Stadt schreibt sich fairen Handel auf die Fahnen

Eibenstock strebt den Titel Fairtrade-Town an. Damit wäre sie die erste Kommune im Landkreis, die diesen Titel trägt. Aber auch in Lugau ist das Thema noch nicht vom Tisch.

Eibenstock/Lugau.

In Eibenstock gibt es seit vielen Jahren einen Eine-Welt-Laden. In diesem werden bereits Waren aus fairem Handel verkauft. Dieser garantiert höhere Löhne und bessere Arbeitsbedingungen für Produzenten von Kaffee, Kakao oder Textilien. Doch jetzt will die Stadt mehr, sie will eine Fairtrade Town, also eine Stadt des fairen Handels sein. Der Gedanke stammt von Birgit Mädler, die Mitglied im Verein "Eine-Welt-Laden" ist und darüber hinaus als "Eine-Welt-Promotorin" tätig ist. Beim Bürgermeister der Stadt, Uwe Staab (CDU), und der Vorsitzenden des Tourismus- und Gewerbevereins Eibenstock, Silke Dickescheid, ist sie mit dem Vorhaben auf offene Ohren gestoßen.
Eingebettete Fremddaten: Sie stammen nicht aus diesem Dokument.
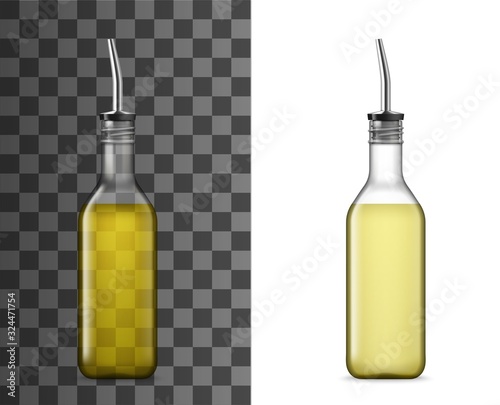 Bottle with pourer 3d vector mockups. Olive and sunflower oil, vinegar, sauce and seasonings glass container templates with drizzle spout, dispenser lid or plug, cooking ingredients glassware design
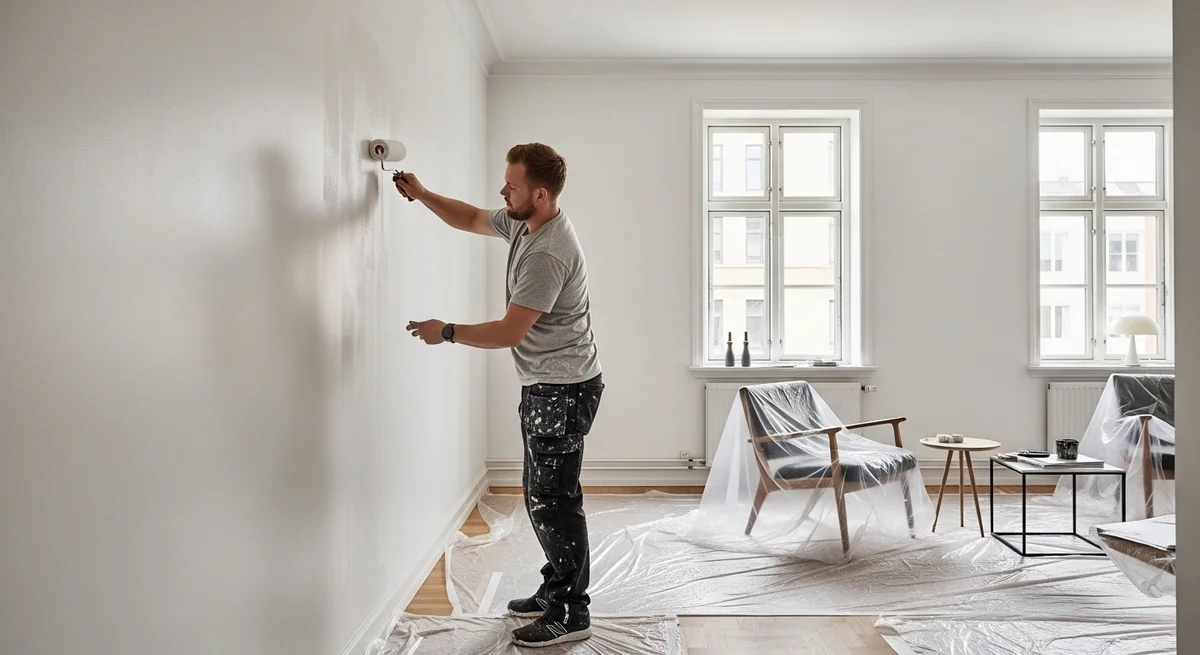 Professionel maler udfører maling af lejlighed i Stege — certificeret malerfirma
Birgit Mädler weiß, dass in Eibenstock bereits erste Schritte in Richtung gerechteren Welthandels gegangen wurde. "Sowohl die Stadtverwaltung als auch die Kirche beziehen für Geschenke faire Produkte, zum Beispiel Tee", sagt die 58-Jährige. Nun hofft sie, dass sich weitere Akteure in Eibenstock und seinen Ortsteilen finden. Denn Bedingung dafür, den Namen Fairtrade Town tragen zu dürfen, ist es, dass sich mindestens vier Läden und zwei gastronomische Einrichtungen daran beteiligen. Birgit Mädler weiß, dass es bei Penny und Simmel in Eibenstock fair gehandelte Produkte gibt. Weitere Beispiele seien der Eine-Welt-Laden und das Kunsthaus in Eibenstock. Es komme aber auch darauf an, bei den Bürgern der Stadt ein Bewusstsein für den fairen Handel zu entwickeln.

Auch in Lugau war dieses Ansinnen vor einigen Jahren Thema. Seither ist es nach außen allerdings still geworden um den Fairtrade-Titel. "Das Thema ist nicht vom Tisch", sagt Bürgermeister Thomas Weikert (Linke), der das Thema 2016 im Rat thematisiert hatte. Er stehe immer noch mit den Fairtrade-Organisationen im Kontakt und bekomme auch wichtige und gute Tipps. "Außerdem serviere ich für Besucher gern Fairtrade Kaffee und bei kleineren Anschaffungen achten wir auch darauf", erklärt er. "Im Großen würde ich Fairtrade aber schon gerne noch einmal angehen, vielleicht schon in diesem Jahr." Der Stadtrat von Lugau hatte sich 2016 gegen den Kampf um den Titel Fairtrade-Town entschieden, weil er sich nicht ausreichend informiert gefühlt hatte. Darum hatte es im Jahr darauf eine Informationsveranstaltung mit mehreren Referenten zum Thema gegeben. In der Diskussion gab es vor allem ein Gegenargument: Man sollte zunächst heimische Hersteller unterstützen. Dennoch gab es im Rat und auch in der Bevölkerung positive Reaktionen, weshalb Weikert schon damals ankündigte, das Thema nicht gänzlich zu den Akten zu legen.

Weltweit gibt es 2200 Fairtrade-Towns, in Deutschland 700 und in Sachsen fünf: Chemnitz, Dresden, Leipzig, Freiberg und Markranstädt. Im Erzgebirge wäre Eibenstock also Vorreiter.